Fifth and finally, Primoratz gives us two extended applications of his theory. The first of these, the Allied bombing of German citizens in Hamburg and Dresden, is the less controversial of the two. The other, which deals with the Palestinian-Israeli conflict, will undoubtedly be more controversial in the eyes of many readers. Primoratz sees the Palestinians, the Zionists, and the state of Israel as engaging in terrorism and as being in the wrong. Many would dispute Primoratz's claim that Israel has "never faced an imminent threat of a moral disaster" (174), but even such disputes are worthwhile, for they focus attention on the genuinely important moral issues.

Primoratz has done an admirable job of delineating the conceptual and moral contours of terrorism in the twentieth century, yet the terrain depicted in this fine work is rapidly changing, changing in ways that will profoundly alter our perception of terrorism and the instruments of its harm. The twentieth century paradigm is still one of brute force, of maiming and torturing and killing, but the twenty-first century has ushered in a new dimension of warfare by remote control. At first this transformation will only occur within the armed forces of major nations, but it is already well underway. Some of my students who want to become naval aviators are being told by their commanders that this will likely be the last generation of human pilots, and already drone warplanes have successfully landed on carrier decks. DARPA's grand challenge for robotic cars insures that the military will have sophisticated driverless convoy trucks that can speed through the night without lights. Its latest challenge, the first round of which was in December 2013, is aimed at robotic soldiers. Star Wars seems less a fiction that it did even ten years ago. Many, presumably including Primoratz, find this asymmetry morally disturbing, and I hope in his future work Primoratz directs his attention to this issue.

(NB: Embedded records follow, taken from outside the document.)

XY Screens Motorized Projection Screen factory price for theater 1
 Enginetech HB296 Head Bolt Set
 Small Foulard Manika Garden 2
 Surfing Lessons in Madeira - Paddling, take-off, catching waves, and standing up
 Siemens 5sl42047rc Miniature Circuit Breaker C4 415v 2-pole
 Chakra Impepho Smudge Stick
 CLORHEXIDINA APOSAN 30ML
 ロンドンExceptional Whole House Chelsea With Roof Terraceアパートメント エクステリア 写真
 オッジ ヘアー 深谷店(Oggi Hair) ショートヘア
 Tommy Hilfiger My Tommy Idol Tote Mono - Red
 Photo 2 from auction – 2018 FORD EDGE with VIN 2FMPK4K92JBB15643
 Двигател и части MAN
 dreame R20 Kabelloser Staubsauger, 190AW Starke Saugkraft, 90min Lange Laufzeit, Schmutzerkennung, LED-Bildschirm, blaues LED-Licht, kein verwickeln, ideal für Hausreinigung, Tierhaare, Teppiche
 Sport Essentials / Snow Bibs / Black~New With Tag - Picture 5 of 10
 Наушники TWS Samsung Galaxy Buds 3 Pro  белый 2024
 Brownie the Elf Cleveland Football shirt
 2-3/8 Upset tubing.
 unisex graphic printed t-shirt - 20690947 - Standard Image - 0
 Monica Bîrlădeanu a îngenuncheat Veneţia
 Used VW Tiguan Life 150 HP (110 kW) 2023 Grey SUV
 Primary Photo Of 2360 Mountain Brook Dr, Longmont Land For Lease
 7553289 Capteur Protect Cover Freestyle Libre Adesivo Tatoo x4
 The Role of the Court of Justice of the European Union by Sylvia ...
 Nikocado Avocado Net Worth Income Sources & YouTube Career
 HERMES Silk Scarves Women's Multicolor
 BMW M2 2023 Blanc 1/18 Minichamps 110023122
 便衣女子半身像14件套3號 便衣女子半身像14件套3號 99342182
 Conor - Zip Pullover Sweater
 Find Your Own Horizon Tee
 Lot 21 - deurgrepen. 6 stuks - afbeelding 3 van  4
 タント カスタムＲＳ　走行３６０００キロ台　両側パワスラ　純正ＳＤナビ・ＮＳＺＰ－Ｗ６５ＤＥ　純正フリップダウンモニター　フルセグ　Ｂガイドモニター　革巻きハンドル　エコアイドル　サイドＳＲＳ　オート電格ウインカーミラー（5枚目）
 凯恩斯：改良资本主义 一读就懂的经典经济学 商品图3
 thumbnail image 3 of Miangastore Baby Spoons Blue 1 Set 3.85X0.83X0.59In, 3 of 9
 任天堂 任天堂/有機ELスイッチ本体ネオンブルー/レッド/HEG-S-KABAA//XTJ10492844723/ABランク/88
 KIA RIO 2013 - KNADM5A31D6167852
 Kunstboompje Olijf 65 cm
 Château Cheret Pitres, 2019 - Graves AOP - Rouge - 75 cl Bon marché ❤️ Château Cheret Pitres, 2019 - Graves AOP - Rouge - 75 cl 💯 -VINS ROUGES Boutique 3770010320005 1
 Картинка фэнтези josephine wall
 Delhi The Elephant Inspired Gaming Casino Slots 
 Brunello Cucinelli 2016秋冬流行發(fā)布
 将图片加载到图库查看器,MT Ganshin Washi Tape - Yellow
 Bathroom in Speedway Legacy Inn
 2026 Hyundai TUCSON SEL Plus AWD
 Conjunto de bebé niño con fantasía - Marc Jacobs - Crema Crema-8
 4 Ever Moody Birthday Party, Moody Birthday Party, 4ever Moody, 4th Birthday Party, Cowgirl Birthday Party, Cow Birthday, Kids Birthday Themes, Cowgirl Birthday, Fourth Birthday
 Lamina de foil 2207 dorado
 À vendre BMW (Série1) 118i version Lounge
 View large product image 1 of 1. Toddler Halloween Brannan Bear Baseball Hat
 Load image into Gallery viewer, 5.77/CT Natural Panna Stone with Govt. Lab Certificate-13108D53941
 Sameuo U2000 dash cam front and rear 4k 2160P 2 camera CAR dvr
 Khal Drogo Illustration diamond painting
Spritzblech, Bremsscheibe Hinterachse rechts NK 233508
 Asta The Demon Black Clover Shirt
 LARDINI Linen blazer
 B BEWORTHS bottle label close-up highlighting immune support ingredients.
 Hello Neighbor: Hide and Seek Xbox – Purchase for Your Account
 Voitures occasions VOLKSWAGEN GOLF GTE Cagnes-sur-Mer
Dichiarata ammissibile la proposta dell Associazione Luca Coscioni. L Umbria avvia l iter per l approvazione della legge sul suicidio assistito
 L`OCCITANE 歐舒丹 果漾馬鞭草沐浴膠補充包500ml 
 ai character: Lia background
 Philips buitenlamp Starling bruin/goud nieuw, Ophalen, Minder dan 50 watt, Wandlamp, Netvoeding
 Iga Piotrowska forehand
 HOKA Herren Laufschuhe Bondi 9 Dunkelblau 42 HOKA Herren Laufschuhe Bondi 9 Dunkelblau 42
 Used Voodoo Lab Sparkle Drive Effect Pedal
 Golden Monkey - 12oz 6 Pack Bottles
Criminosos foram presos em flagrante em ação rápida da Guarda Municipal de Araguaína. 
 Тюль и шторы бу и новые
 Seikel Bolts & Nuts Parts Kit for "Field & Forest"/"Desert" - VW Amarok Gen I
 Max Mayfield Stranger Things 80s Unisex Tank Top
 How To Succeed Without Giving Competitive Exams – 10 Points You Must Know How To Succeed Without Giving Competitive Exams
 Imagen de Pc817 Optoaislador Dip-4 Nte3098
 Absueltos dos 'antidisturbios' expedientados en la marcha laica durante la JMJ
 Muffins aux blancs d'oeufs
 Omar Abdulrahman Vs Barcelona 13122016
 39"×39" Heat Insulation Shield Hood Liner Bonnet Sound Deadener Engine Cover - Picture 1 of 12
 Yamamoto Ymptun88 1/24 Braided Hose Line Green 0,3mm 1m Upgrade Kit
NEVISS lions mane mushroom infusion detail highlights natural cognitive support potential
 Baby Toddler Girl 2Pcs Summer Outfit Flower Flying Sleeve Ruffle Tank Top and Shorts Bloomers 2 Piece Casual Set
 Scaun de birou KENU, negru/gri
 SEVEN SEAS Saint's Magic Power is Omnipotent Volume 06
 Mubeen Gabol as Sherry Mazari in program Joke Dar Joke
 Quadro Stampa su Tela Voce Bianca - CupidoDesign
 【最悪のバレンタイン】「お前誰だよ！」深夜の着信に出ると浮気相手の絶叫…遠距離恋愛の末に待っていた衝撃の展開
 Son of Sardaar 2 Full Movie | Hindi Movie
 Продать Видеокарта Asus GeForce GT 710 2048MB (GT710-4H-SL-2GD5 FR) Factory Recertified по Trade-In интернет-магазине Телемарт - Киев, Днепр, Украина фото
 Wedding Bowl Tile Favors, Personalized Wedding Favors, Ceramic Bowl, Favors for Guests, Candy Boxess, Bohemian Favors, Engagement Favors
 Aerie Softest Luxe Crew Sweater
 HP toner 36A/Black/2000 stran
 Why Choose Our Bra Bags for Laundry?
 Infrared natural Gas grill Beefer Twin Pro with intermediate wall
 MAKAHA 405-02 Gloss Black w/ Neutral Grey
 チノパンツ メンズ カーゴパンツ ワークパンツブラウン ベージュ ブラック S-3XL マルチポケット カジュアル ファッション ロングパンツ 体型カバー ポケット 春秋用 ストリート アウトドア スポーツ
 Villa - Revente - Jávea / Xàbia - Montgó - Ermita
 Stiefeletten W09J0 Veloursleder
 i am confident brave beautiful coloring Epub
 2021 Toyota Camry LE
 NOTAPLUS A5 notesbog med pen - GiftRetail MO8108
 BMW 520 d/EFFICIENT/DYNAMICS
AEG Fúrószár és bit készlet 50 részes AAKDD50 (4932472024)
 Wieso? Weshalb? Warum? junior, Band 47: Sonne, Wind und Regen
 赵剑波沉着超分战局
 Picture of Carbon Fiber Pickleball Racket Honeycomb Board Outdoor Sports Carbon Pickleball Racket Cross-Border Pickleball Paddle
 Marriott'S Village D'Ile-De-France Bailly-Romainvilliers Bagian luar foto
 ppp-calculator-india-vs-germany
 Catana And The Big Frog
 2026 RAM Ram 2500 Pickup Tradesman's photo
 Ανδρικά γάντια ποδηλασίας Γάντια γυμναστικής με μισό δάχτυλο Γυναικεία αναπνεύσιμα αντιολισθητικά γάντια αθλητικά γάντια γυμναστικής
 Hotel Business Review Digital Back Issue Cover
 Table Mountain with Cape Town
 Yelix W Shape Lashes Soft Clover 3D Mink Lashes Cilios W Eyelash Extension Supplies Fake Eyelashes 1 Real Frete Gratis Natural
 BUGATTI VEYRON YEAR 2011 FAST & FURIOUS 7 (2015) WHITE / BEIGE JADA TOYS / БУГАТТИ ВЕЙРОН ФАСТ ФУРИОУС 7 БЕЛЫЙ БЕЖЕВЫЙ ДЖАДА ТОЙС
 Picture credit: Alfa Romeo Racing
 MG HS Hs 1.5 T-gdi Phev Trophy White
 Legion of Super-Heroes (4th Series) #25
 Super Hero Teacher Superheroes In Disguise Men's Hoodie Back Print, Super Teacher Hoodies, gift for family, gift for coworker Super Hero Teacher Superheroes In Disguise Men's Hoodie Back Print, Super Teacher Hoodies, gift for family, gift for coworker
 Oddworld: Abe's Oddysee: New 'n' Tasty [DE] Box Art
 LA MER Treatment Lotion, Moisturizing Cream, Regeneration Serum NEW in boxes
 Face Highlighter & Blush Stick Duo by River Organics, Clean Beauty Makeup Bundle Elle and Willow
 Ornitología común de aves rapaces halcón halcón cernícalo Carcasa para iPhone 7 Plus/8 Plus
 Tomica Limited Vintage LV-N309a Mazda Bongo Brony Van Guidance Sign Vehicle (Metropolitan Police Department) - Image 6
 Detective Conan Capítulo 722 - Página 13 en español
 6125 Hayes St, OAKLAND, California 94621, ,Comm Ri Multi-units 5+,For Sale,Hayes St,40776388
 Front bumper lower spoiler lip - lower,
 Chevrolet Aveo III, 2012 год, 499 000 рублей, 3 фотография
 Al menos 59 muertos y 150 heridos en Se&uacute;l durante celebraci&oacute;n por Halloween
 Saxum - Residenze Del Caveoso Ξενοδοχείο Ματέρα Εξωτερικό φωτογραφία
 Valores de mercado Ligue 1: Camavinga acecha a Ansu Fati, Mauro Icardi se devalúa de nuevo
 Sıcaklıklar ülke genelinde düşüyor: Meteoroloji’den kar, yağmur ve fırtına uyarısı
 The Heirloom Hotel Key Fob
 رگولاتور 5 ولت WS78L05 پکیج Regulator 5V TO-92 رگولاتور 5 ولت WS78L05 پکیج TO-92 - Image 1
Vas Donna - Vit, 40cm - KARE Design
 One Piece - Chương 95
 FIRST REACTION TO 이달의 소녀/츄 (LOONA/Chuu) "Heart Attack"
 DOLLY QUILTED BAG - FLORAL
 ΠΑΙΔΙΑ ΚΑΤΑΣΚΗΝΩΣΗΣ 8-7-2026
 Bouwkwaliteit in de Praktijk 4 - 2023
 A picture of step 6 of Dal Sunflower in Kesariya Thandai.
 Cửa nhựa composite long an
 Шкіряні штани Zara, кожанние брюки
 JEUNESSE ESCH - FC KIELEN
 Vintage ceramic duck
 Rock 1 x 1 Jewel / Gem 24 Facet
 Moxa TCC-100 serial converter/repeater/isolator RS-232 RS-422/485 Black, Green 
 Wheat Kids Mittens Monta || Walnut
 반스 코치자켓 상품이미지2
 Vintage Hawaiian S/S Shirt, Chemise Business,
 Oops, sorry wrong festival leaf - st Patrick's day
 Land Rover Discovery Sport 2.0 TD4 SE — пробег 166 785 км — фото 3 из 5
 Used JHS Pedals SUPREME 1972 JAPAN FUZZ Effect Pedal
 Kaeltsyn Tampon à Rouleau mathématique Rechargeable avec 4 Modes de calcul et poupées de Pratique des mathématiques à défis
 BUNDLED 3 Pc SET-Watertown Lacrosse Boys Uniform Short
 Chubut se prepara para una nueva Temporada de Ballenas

In the last decade, we have also seen a steady shift away from the traditional terrain of conflict -- the battlefield in wars, often the city in terrorist attacks -- toward conflict in or through the virtual world. No one is killed, at least directly, but many live under the constant threat of Bentham's Panopticon. The Snowden papers reveal a massive, multinational surveillance state capable of tracking the movements and even thoughts of everyday citizens. Yet this does not stop with mere surveillance, although -- if Foucault is right -- the adjective "mere" has no place here. From what little we can see, it appears that many nations -- including the United States -- are engaged in cyber attacks against other countries, and there is little doubt that these will escalate. It is not clear if these have escalated to terrorism yet, since often they do not target innocent victims in order to coerce a policy change, but such developments have a certain inevitability about them. The control of financial transactions has been a major instrument of American anti-terrorism and anti-drug policy, and it is easy to see the ways in which an individual can suddenly be cut off from access to money (suspending your ATM and charge cards), travel (with airport screening), and communication (with monitoring of voice as well as text traffic). The increasing emphasis on secrecy -- which seems simply to produce more leaks -- is matched by the unprecedented criminal prosecution of leaks by the Obama administration and its aggressive pursuit of Chelsea Manning, Julian Assange, and Edward Snowden. To be sure, this is not prosecution of the completely innocent, but one cannot help but wonder whether it is not also an attempt to "send a message" to all citizens that they, too, are in jeopardy. We are not there yet, thankfully, but there is little indication that we are going to change course and veer away from this destination. The telos, as it were, is a state that has total information awareness but which carefully guards its own internal works from outside scrutiny. Its method of choice will not be the guillotine but cyber isolation, rendering potentially threatening individuals and groups powerless, impotent to pursue their agenda. This may become the face of twenty-first century terrorism.